After the restoring the files, the users must now rekey all lost transactional data that has been entered since the last backup. In most cases, the time to rekey the lost transactional data may consume another business day. Also note the importance of maintaining an adequate paper transaction audit trail to retype this data, e.g., extra copies of invoices and receipts, paper vouchers, extra check copies, in accounting systems that rely of batch backup strategies.

Many sophisticated data entry systems attempt to minimize the time lost from retyping transactional data by storing a second copy of the transactional data in a transactional log (file) stored on tape or other secondary media. For example, as an accounts payable check is processed in an online environment all information concerning this check, e.g., debits, credits, invoices to be paid, amounts, etc. will also be stored in a transactional accounts payable log as well as updating the appropriate accounts payable ledger and journals. Existing accounting systems may have to be redesigned to include a transactional log. In addition, there is a need to develop software that will process inputs from the transactional log, rather processing data from the normal data entry method.

Many database products support a facility that will automatically store all database updates in a generic database transactional log. Most database transactional systems will also provide a utility program that may be used to restore transactional data from the database transactional log. The advantage of using a database transactional log is that the process of maintaining a backup transactional log is already available without little or no development time. But, not all companies use database software, nor do all database products support a database transactional log.

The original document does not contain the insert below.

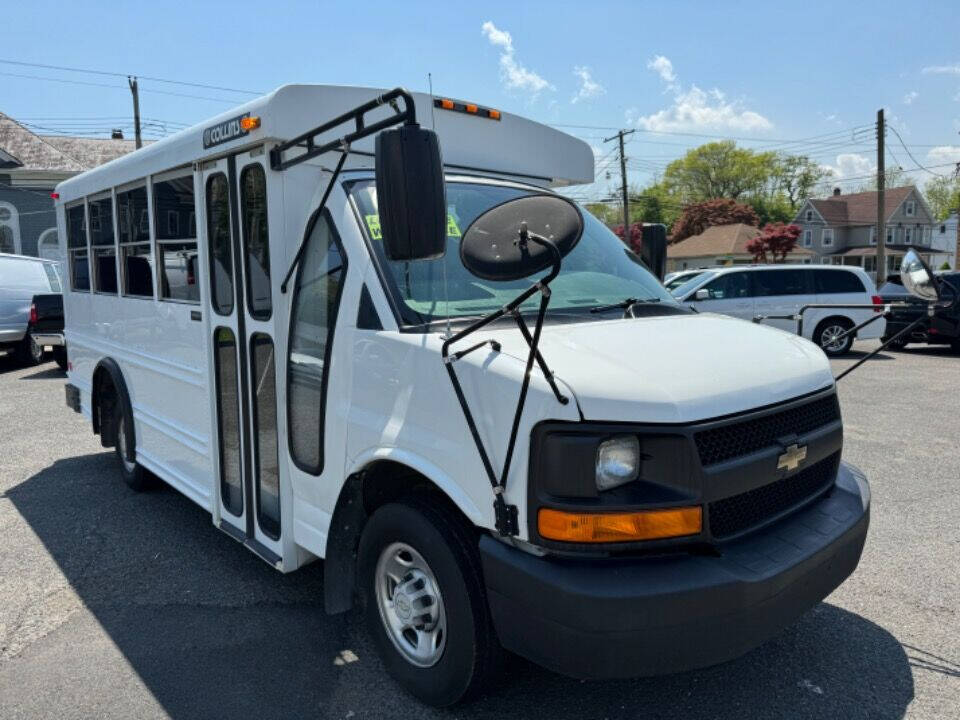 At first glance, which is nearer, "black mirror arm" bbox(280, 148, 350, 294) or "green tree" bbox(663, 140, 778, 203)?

Therefore, the advantages of using accounting or database transactional logs are:

		1) To minimize the need for duplicated paper trails, and
		2) To minimize the time required to retype the transactional data since the last successful backup.

In spite of these advantages the time required to restore the transactional data to the current files may still exceed an hour. On the other hand, since accounting and database transactional logs are not used to backup word processing documents, spreadsheets and other non-transactional files, e.g., programs under development, significant retyping time may still be required to retype these entities as well.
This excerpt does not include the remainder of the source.